ANOTHER AUSTRALIA DAY, another cacophony of flags; a rage, a noise, a litany of tacky little flags attached to car aerials, printed on hats, t-shirts, towels, balloons, stuck out of windows. Am I the only true-blue Australian who finds the whole thing highly offensive?

Bob, of Maleny, writes to the local newspaper of his outrage when someone stole his $2 flag from his mailbox. If only this parasite had come to the door and asked, he tells us, they’d have given him the money to buy his own flag. What this mongrel did in taking that flag was down-right un-Australian.

Doing my very best not to make any comment about cheap Chinese-manufactured flags – going right past that one -I am nevertheless brought to ask if it really is possible that I am the only dinky-die Aussie who flinches every time he sees or hears the word un-Australian, who feels, in fact, dismayed when Nationalism raises its head in any form.

Am I the only person who wondered if someone hadn’t removed Bob’s flag because they regard this new-found boasting of love of country as ugly, tendentious, even dangerous? Who senses in the bandying about of labels like un-Australian a whiff not just of McCarthyism, but of the sort of breast-beating allegiance which gave rise to all the worst conflicts of one of humanity’s worst centuries, by which I mean the one we’ve just escaped?

When did we start having to prove our love of country by ever more prominent waving of flags?

Clearly, ever since the end of World War Two, we’ve seen a growing secularisation of our society. The role of the church, which, as all those who were alive in the fifties will recall, was more than simply significant, has been greatly diminished. It is not just that the religious holidays of Christmas and Easter have become no more than that: holidays, ruthlessly exploited by the market for its own purposes; but that the voice of moral authority has dissolved in a sea of indifference and cynicism fuelled by revelations of the Church’s own hypocrisy.

A vacuum has been created in the social fabric, and in the absence of any voice of moral authority we have come to the point where few people seem to know how to place value on the belief of one thing over another.
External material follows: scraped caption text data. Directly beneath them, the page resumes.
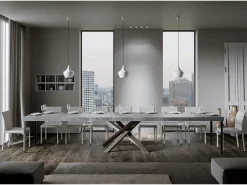 Mesa extensible 90x160/420 cm Volantis Premium Cemento estructura multicolor 4/C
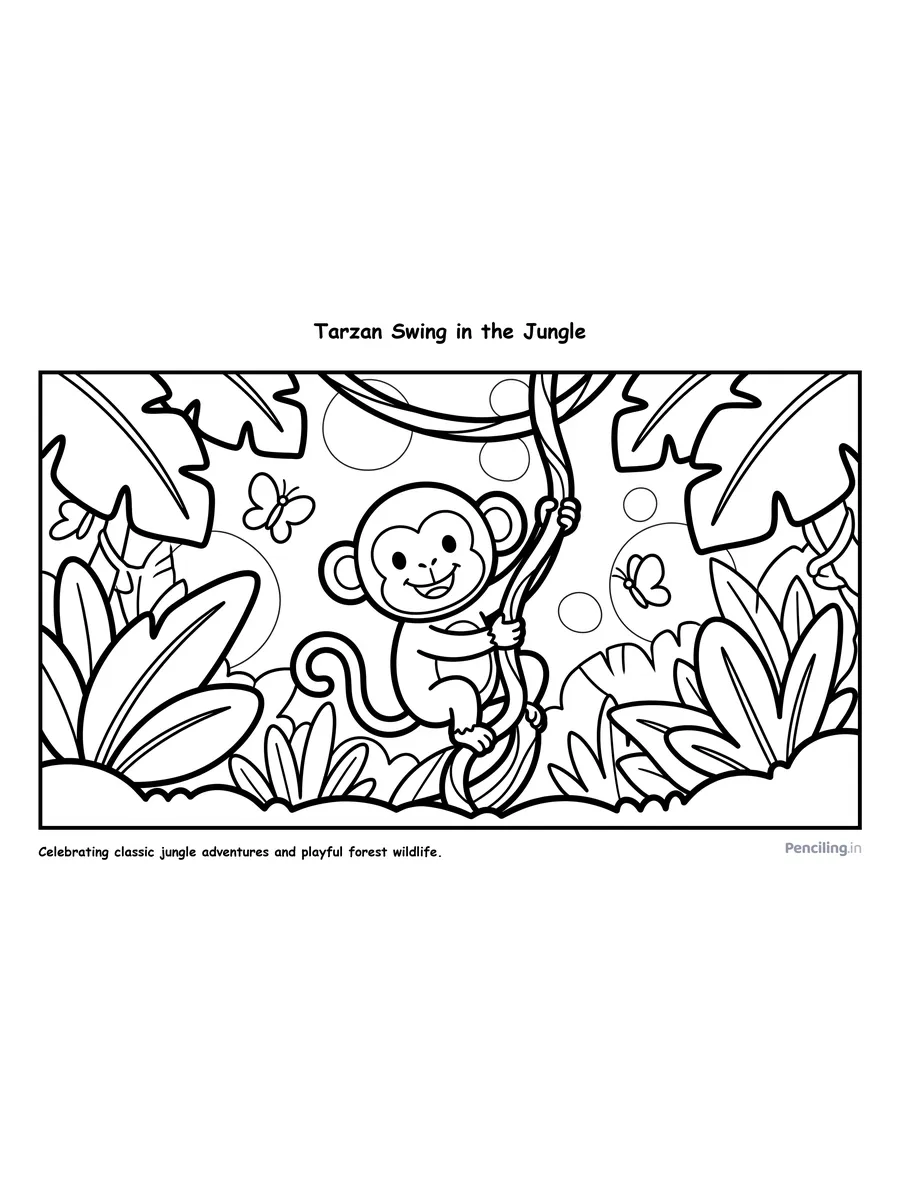 Tarzan Swing in the Jungle (Edgar Rice Burroughs, 1912)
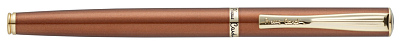 Ручка перьевая Pierre Cardin ECON, цвет - коричневый металлик. Упаковка Е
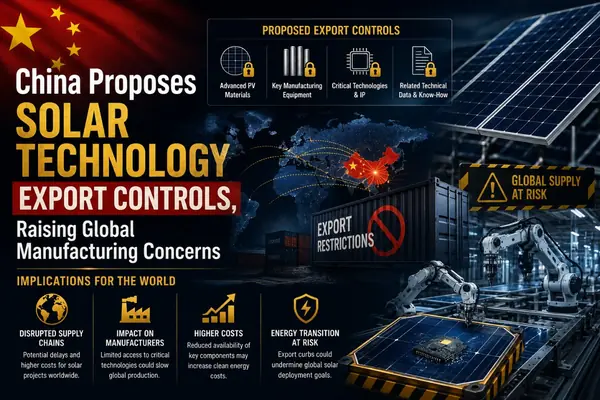 The Great Solar Wall: China’s New Export Controls and India’s Path to Energy Sovereignty
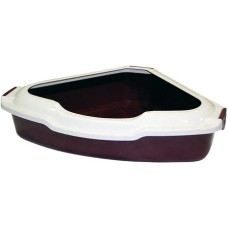 Croci γωνιακή τουαλέτα γάτας με χείλος miagolo 55X42X16cm Croci γωνιακή τουαλέτα γάτας με χείλος miagolo 55X42X16cm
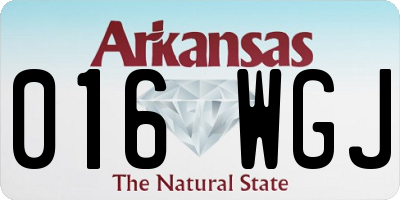 AR license plate 016WGJ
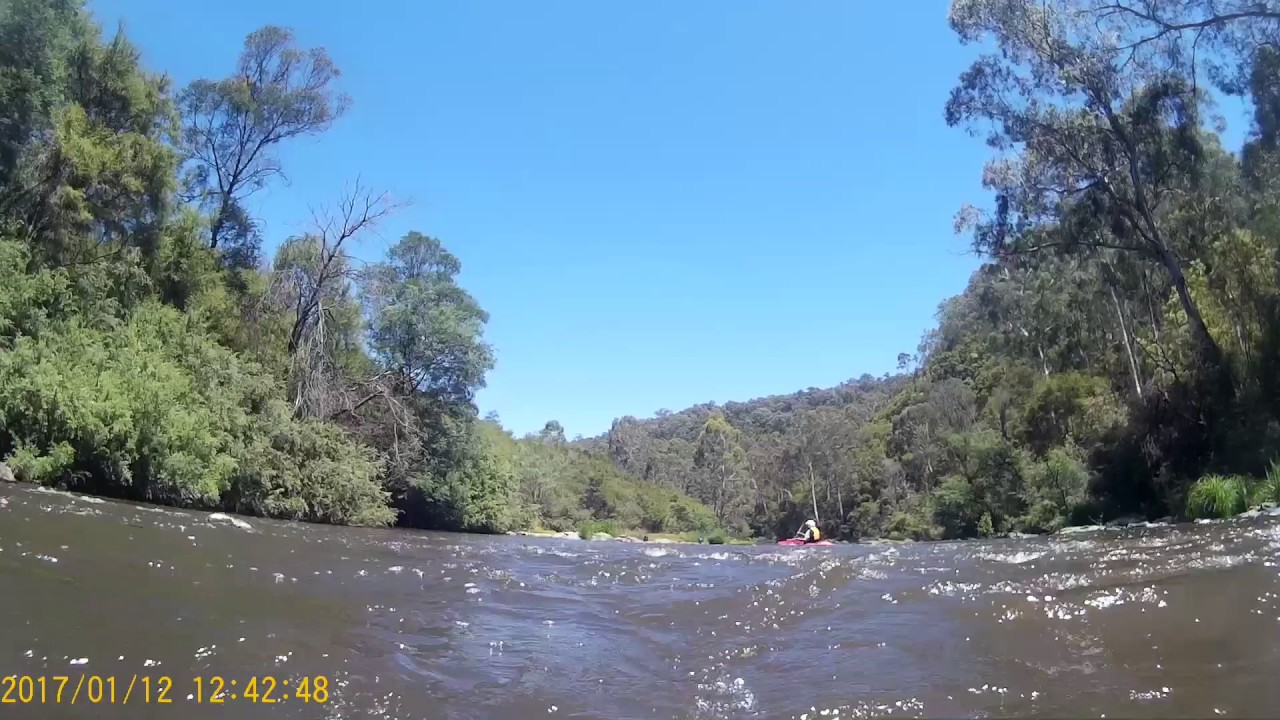 Bobs Rock rapid Yarra River Whitewater kayaking YouTube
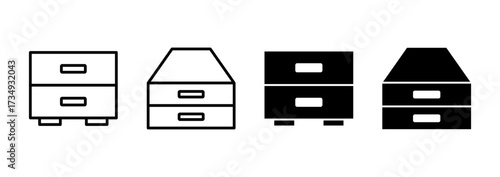 Archive folders icon vector. Document vector icon. Archive storage icon.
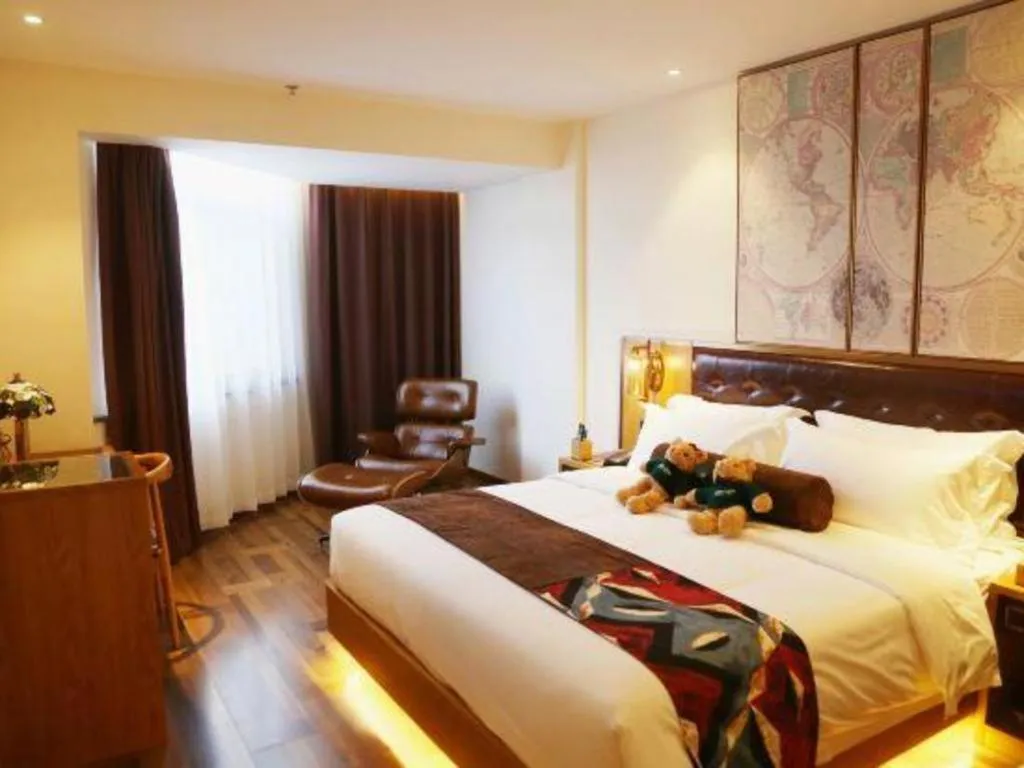 Bed in James Joyce Coffetel· Hefei Anhui Agricultural University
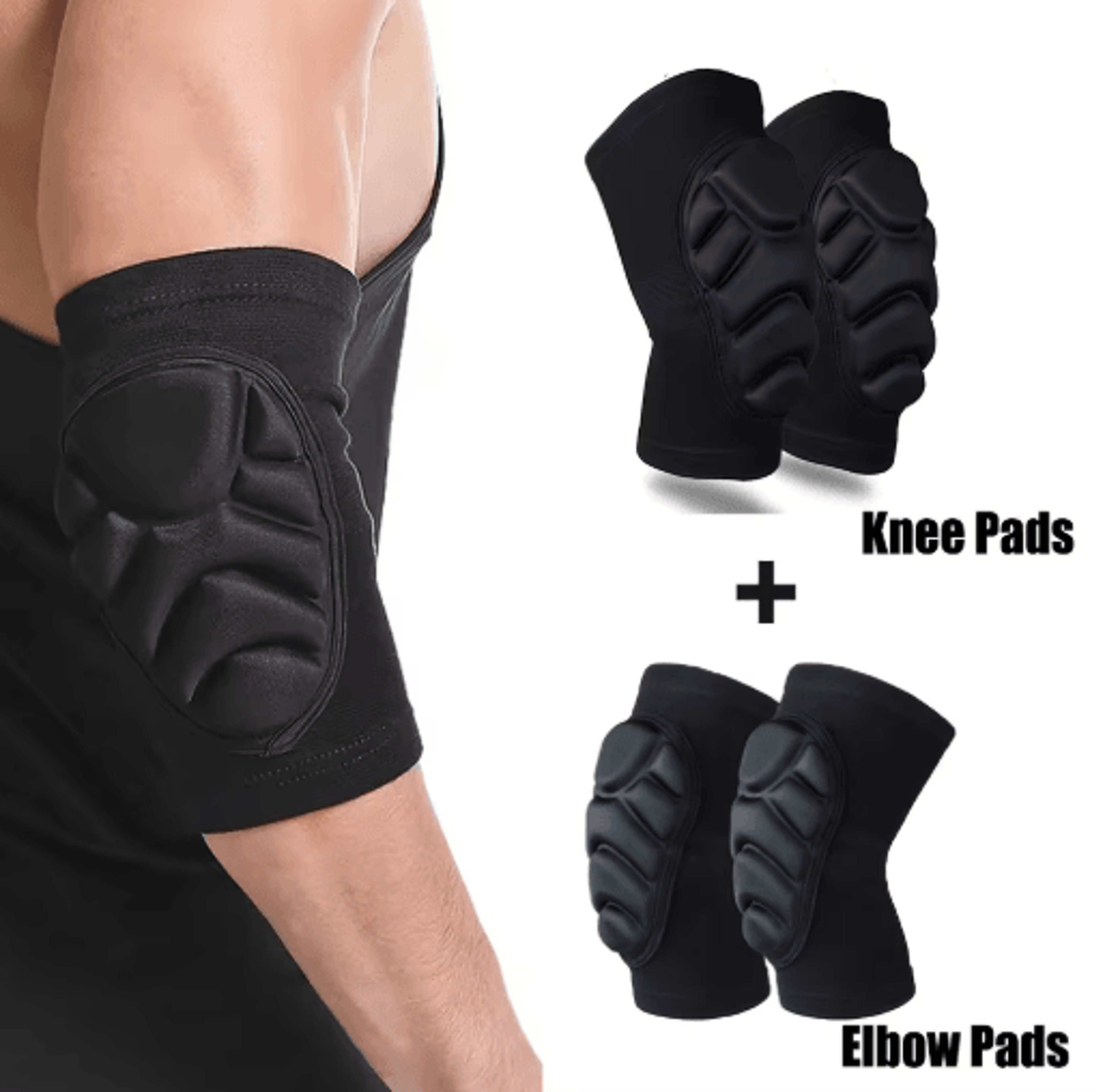 knee and elbow pads, knee support, elbow support, sports protective pads, shock-absorbing knee pads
Or whether to believe in anything at all.

This shouldn’t necessarily be a problem; it could be a moment for celebration, an opportunity to determine what sort of nation we want to be, free from traditional prejudice. The difficulty is that it is not Nature that abhors a vacuum, it is people, and as soon as there’s a space – a quiet reflective moment – we seem to have to rush to fill it; we grasp for the quickest and easiest thing, which in this case happens to be a sort of fast-food nationalism that we consume without noticing it is, in fact, rich in saturated fats that will inevitably eat away at the body politic.

I was curious at the way the word aspiration came to be used during the last election. We heard a lot of talk about aspirational voters, which we must assume referred to those who wanted to increase their income stream.

I wonder if there isn’t out there in the suburbs and the cities, in the country towns, a whole bunch of Australians who actually aspire to something quite different, who would like Australia Day to be a moment when we can -instead of throwing another snag on the barbie, a can of beer in the hand – use it as a moment to consider how we want to live with our past, our present and our future, who are hungry for a deeper association with their land than just the flag, and search, desperately, for a way to express this need. But then, by now you’ll have figured out that I’m an optimist.